Money is tight right now, and Ellen is having a hard time paying her bills. She has been thinking about taking a loan from her 401(k) account but isn’t sure if it’s the right thing to do.
A retirement plan loan has both pros and cons. On the plus side, the loan process is quick and easy. Another plus is that the loan “interest” Ellen is charged will be redeposited in her plan account. Also, the loan won’t have an impact on Ellen’s credit rating because 401(k) plans don’t report loan activity to credit rating agencies.
On the negative side, Ellen will have to pay income taxes on the earnings she uses to repay the loan. This means her money will be taxed twice — once when she earns it and pays back the loan and again in the year she receives taxable distributions from her plan.
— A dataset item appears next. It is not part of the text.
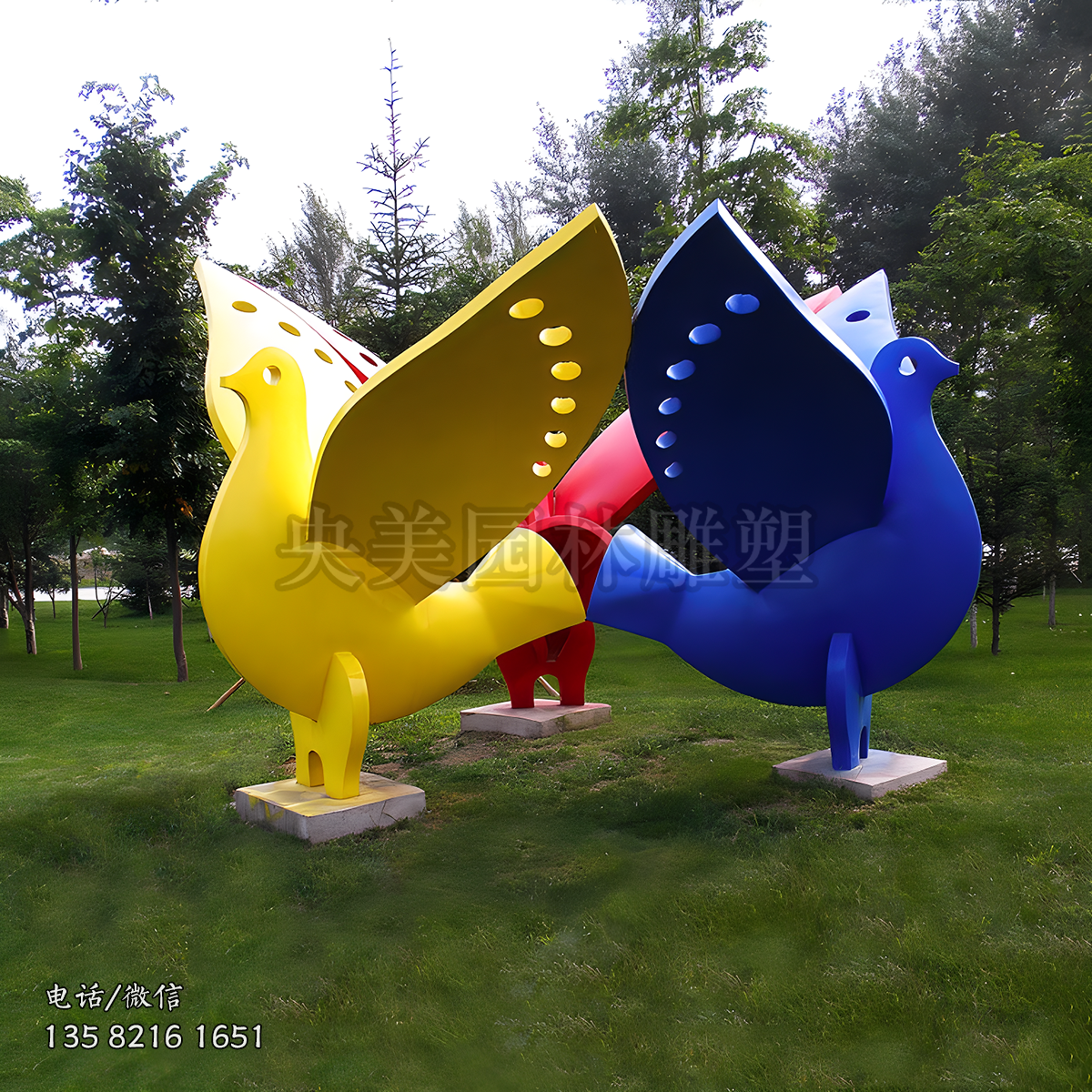 幾何形不銹鋼噴漆鴿子雕塑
Ellen should also be aware that the plan will have limits on how much she can borrow, and a fee may be charged in connection with the loan.
Another important point Ellen should consider: She will sacrifice potential opportunities for investment growth, since the money she’s borrowed will no longer be invested while the loan is outstanding. In addition, if Ellen leaves her employer, the outstanding loan balance likely will be due shortly after separation and will be subject to income taxes and possibly a 10% penalty if not repaid promptly.
Consider all your options and weigh the pros and cons carefully before making a decision about borrowing from your retirement plan.
Client Profile is based on a hypothetical situation. The solutions we discuss may or may not be appropriate for you.